Author: Jojo Moyes Published: 2012 Pages: 481
This book very much reminds me of Where Rainbows End. They are both romances about ordinary people who could so easily be real. This story is mainly narrated by Louisa Clark, a twenty-six-year-old who finds herself out of a job; in trying to find a new one, she meets Will Traynor, an adventure lover who was involved in an accident two years earlier and as a result is now a quadriplegic. Their personalities and upbringings could not be more different, but as they are forced to spend time together, they discover they have a lot more in common than they initially thought.
My expectations of this book were that it was going to be a lot more slushy and romantic than it was. As a hopeless romantic, I have no shame in admitting that I adore any “love conquers all” kind of storyline, however Jojo Moyes cleverly writes this book in a way which has its romantic moments, but also does not pretend love can solve everything. In a similar way to Where Rainbows End, it is frustrating because you want them to live happily every after, but their pain and emotion serves as a reminder that happily ever afters are not always so plausible.
Moyes’ writing is funny, relatable and heart-breakingly accurate. She manages to capture the story of Lou and Will in a way that has romantic moments but is not idealistic and does not deflect from the seriousness of Will’s injury. She uses their relationship to portray raw human desires and emotion. Lou discovers more of a purpose to her life through meeting Will and he in turn finds a reason to love life again. She presents extremely ordinary characters, in a somewhat unique, but not unheard of situation, and makes them loveable and relatable. The struggles they face are real and though the way they deal with them may be littered with faults, the reason it is such a page turner is because their faults become what you love about them.
The choice to switch narratives for a few of the chapters was an interesting one; at first I was horrified by the idea that I would now have to see the book develop through the eyes of someone other than Lou, but thankfully Moyes only writes from Camilla, Nathan, Treena and Steven’s perspective for a chapter each. This became a refreshing change of perspective and also a clever narrative tool to allow even more of Lou and Will’s relationship to be exposed.

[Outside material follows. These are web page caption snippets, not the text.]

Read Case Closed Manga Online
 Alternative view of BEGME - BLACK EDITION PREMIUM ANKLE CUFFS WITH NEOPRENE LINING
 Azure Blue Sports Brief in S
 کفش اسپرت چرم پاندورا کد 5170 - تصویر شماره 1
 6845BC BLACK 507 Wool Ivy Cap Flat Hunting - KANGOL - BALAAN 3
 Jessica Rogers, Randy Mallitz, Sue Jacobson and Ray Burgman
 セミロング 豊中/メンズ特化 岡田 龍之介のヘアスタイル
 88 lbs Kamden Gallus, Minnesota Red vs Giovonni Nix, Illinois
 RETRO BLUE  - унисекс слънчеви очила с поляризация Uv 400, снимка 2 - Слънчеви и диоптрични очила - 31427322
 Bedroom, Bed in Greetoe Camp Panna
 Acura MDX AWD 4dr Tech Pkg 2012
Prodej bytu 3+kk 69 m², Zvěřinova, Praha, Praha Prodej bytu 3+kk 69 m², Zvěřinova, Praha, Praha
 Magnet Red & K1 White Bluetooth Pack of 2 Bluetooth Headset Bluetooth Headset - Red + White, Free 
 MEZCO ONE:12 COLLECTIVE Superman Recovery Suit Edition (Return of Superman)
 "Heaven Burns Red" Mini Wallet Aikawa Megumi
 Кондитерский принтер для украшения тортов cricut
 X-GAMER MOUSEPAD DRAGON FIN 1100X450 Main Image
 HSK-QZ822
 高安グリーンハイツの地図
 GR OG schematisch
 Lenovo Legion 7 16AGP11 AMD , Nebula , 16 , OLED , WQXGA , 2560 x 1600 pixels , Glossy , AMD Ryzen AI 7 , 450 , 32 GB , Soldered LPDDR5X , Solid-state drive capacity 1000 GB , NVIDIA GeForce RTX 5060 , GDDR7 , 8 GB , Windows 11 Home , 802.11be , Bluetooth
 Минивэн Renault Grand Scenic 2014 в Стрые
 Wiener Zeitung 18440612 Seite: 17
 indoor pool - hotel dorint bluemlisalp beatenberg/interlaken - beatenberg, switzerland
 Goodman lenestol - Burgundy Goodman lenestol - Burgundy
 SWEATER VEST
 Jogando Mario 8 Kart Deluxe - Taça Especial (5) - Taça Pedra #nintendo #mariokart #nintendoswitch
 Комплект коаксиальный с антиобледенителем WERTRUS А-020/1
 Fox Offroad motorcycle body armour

All the characters are affected by Will’s disability but what Moyes makes clear is that Will is affected the most. Only he can know the pain and suffering that he must endure, but equally, only he can throw himself back into life again. This did make me wonder why there wasn’t a chapter from Will’sperspective. As Moyes wants to emphasise that only Will knows what it is truly like to be a quadriplegic, it would have been nice to have some insight into his thoughts. But I suppose part of the beauty of Lou and Will’s relationship is that she becomes his voice, or rather, she becomes the only person who talks to him as the able bodied person he used to be and does not allow his injury to define him.
What I love is the honesty in Moyes’ writing and consequently in Lou’s narrative. She doesn’t make it picture perfect or pretend that Will’s injury is not a deafening blow on his life. What she does do is give a voice, and thus some control, to a man who felt he had lost control. Most of all she gives Will dignity in a time where he feels he has none, and for that alone, she has triumphed.